The Corpora Games All-inclusive games machine translation

Sarah Theroine, María Isabel Rivas Ginel, Eva Vanmassenhove, Éric Poirier, Loïc Barrault, Felix Hoberg, Izabella Thomas, Lucie Bernard, Oliver Czulo and Sebastian Vincent

The All-inGMT project, funded by the ISITE BFC and the «Investissement d’Avenir» programmes, was created as a response to the needs of our contemporary society and is niched at the intersection of matters dealing with personal identity, new technologies, video games, and current practices in the translation market. Nowadays we can observe that the community strives to find solutions to erase gender binarity from our language and transition towards inclusivity. Nevertheless, in the field of translation, the increasing adoption of Machine Translation (MT) systems threatens these efforts due to the gender bias they generate and their inability to detect and reproduce inclusive language. Moreover, the particularities of the video game localisation field—i.e. lack of visual environment, lack of text linearity, use of variables, and constant changes in the source text—in combination with the use of MT systems further complicate the task of dealing with gender. As such, professional localisers struggle to identify the gender of the character or the addressee in a conversation and are prone to cause mistranslations (Theroine et al., 2021).

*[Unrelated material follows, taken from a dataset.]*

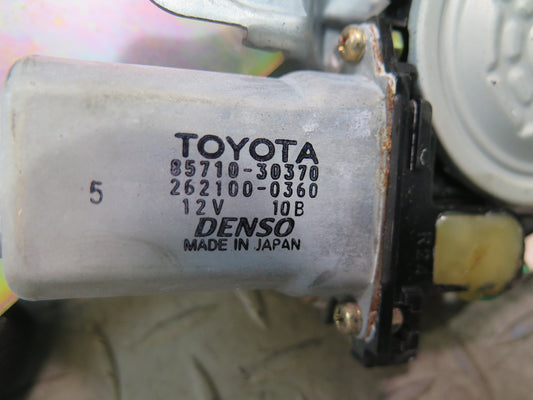 99-01 Toyota Crown JZS175 Rear Left Door Window Regulator w Motor OEM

Numerous papers have studied the causes and occurrences of gender bias due to MT and translation scholars have focused on reducing their impact (Stanovsky et al., 2019; Saunders et al., 2020; Savoldi et al., 2021) as well as tackling the issue of inclusivity, neutral language, and neutralisation (Vanmassenhove et al., 2021). All-inGMT aims at applying these endeavours to the field of video game localisation by conceiving an NMT system specially trained to deal with non-binary characters from English to French. The base of the one-year-long project is a corpus compiled from video games already translated by humans that contain at least one non-binary character and use techniques of neutralisation, reformulation, and newly created pronouns. This paper will present the current status of the project as well as the different methods used to improve the quality of the collected data, the preliminary results, and the techniques involved in augmenting the quantity of the materials. The latter has mostly consisted of re-writing the scripts both to create a second version of the said batch of data by paraphrasing, summarising, and artificially increasing the number of non-binary characters as well as including texts from other sources.

Savoldi, Beatrice; Gaido, Marco; Bentivogli, Luisa; Negri, Matteo; Turchi, Marco. (2021) “Gender Bias in Machine Translation”. Transactions of the Association for Computational Linguistics; 9 845–874.

Saunders, Danielle; Sallis, Rosie; Byrne, Bill (2020) “Neural Machine Translation Doesn’t Translate Gender Coreference Right Unless You Make It”

Stanovsky, Gabriel; Smith, Noah A.; Zettlemoyer, Luke. (2019) “Evaluating Gender Bias in Machine Translation”. In Proceedings of the 57th Annual Meeting of the Association for Computational Linguistics, pages 1679–1684, Florence, Italy. Association for Computational Linguistics.

Theroine, Sarah; Rivas Ginel, María Isabel; Perrin, Aurélie. (2021) “Au Cœur de La Terminologie Du Jeu Vidéo. L’absence de Ressources, Frein Majeur Pour Les Traducteurs” Traduire (244):27–40.

Vanmassenhove, Eva; Emmery, Chris; Shterionov, Dimitar (2021) “NeuTral Rewriter: A Rule-Based and Neural Approach to Automatic Rewriting into Gender-Neutral Alternatives”